Re: pg_dump --snapshot

From: Andres Freund <andres(at)2ndquadrant(dot)com>
To: Stephen Frost <sfrost(at)snowman(dot)net>
Cc: Simon Riggs <simon(at)2ndQuadrant(dot)com>, Tom Lane <tgl(at)sss(dot)pgh(dot)pa(dot)us>, Andrew Dunstan <andrew(at)dunslane(dot)net>, PostgreSQL-development <pgsql-hackers(at)postgresql(dot)org>
Subject: Re: pg_dump --snapshot
Date: 2013-05-07 14:15:26
Message-ID: 20130507141526.GA6117@awork2.anarazel.de
Views: Raw Message | Whole Thread | Download mbox | Resend email
Thread:
Lists: pgsql-hackers

Hi,

On 2013-05-07 08:54:54 -0400, Stephen Frost wrote:
> * Andres Freund (andres(at)2ndquadrant(dot)com) wrote:
> > > All of which I
> > > think I agree with, but I don't agree with the conclusion that this
> > > larger window is somehow acceptable because there's a very small window
> > > (one which can't be made any smaller, today..) which exists today.
> >
> > The window isn't that small currently:
>
> Agreed- but it also isn't currently possible to make it any smaller.
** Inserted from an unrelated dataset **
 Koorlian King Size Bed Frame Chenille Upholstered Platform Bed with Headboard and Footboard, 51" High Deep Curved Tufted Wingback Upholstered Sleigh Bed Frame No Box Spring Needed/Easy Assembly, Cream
Uh. Why not? I think this is what needs to be fixed instead of making
the hole marginally smaller elsewhere. You can trivially reproduce the
problem with pg_dump today:

S1:
$ psql postgres
=# CREATE DATABASE pgdumptest;
=# CREATE DATABASE pgrestoretest;
=# \c pgdumptest
=# CREATE TABLE tbl(id serial primary key, data_a int8, data_b float8);
=# INSERT INTO tbl(data_a, data_b) SELECT random()::int, random() FROM generate_series(1, 10);
=# BEGIN;
=# ALTER TABLE tbl RENAME COLUMN data_a TO data_swap;
=# ALTER TABLE tbl RENAME COLUMN data_b TO data_a;
=# ALTER TABLE tbl RENAME COLUMN data_swap TO data_b;

S2:
$ pg_dump pgdumptest > /tmp/pg_dump.sql

S1:
=# COMMIT;

S2:
$ psql pgrestoretest -f /tmp/pgdump.sql
psql:/tmp/pgdump.sql:87: ERROR: invalid input syntax for integer: "0.944006722886115313"
CONTEXT: COPY tbl, line 1, column data_a: "0.944006722886115313"
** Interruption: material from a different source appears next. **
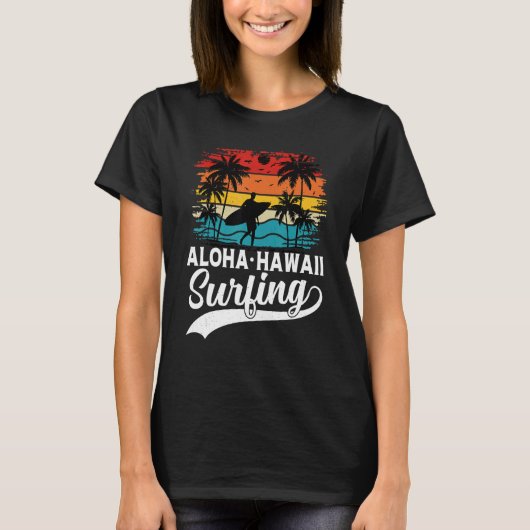 Aloha Hawaii Surfing Summer Vacation Beach Wave Su Tシャツ (正面)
A ddl upgrade script taking some seconds isn't exactly anything
unusual...

> > > Alright, then let's provide a function which will do that and tell
> > > people to use it instead of just using pg_export_snapshot(), which
> > > clearly doesn't do that.
> >
> > If it were clear cut what to lock and we had locks for
> > everything. Maybe. But we don't have locks for everything.
>
> My suggestion was to lock everything that pg_dump locks, which we
> clearly have locks for since pg_dump is acquiring them. Also, I don't
> believe it'd be that difficult to identify what pg_dump would lock, at
> least in a 'default' whole-database run. This is more of a stop-gap
> than a complete solution.

The problem is that locking - as shown above - doesn't really help all
that much. You would have to do it like:
1) start txn
2) acquire DDL prevention lock
3) assert we do not yet have a snapshot
4) acquire snapshot
5) lock objects
6) release DDL lock
7) dump objects/data
8) commit txn

Unfortunately most of these steps cannot easily/safely exposed to
sql. And again, this is a very old situation, that doesn't really have
to do anything with snapshot exporting.

> > So we would
> > need to take locks preventing any modification on any of system catalogs
> > which doesn't really seem like a good thing, especially as we can't
> > release them from sql during the dump were we can allow creation of
> > temp tables and everything without problems.
>
> That's already an issue when pg_dump runs, no? Not sure why this is
> different.

pg_dump doesn't prevent you from running CREATE TEMPORARY TABLE? That
would make it unrunnable in many situations. Especially as we cannot
easily (without using several connections at once) release locks before
ending a transaction.

> > > I believe the main argument here is really around "you should think
> > > about these issues before just throwing this in" and not "it must be
> > > perfect before it goes in". Perhaps "it shouldn't make things *worse*
> > > than they are now" would also be apt..
> >
> > That's not how I read 8465(dot)1367860037(at)sss(dot)pgh(dot)pa(dot)us :(
>
> I believe the point that Tom is making is that we shouldn't paint
> ourselves into a corner by letting users provide old snapshots to
> pg_dump which haven't acquired any of the necessary locks. The goal, at
> least as I read it, is to come up with a workable design (and I don't
> know that we have, but still) which provides a way for the locks to be
> taken at least as quickly as what pg_dump does today and which we could
> modify down the road to take the locks pre-snapshot (presuming we can
> figure out a way to make that work).

> The proposed patch certainly doesn't make any attempt to address that
> issue and would encourage users to open themselves up to this risk more
> than they are exposted today w/ pg_dump.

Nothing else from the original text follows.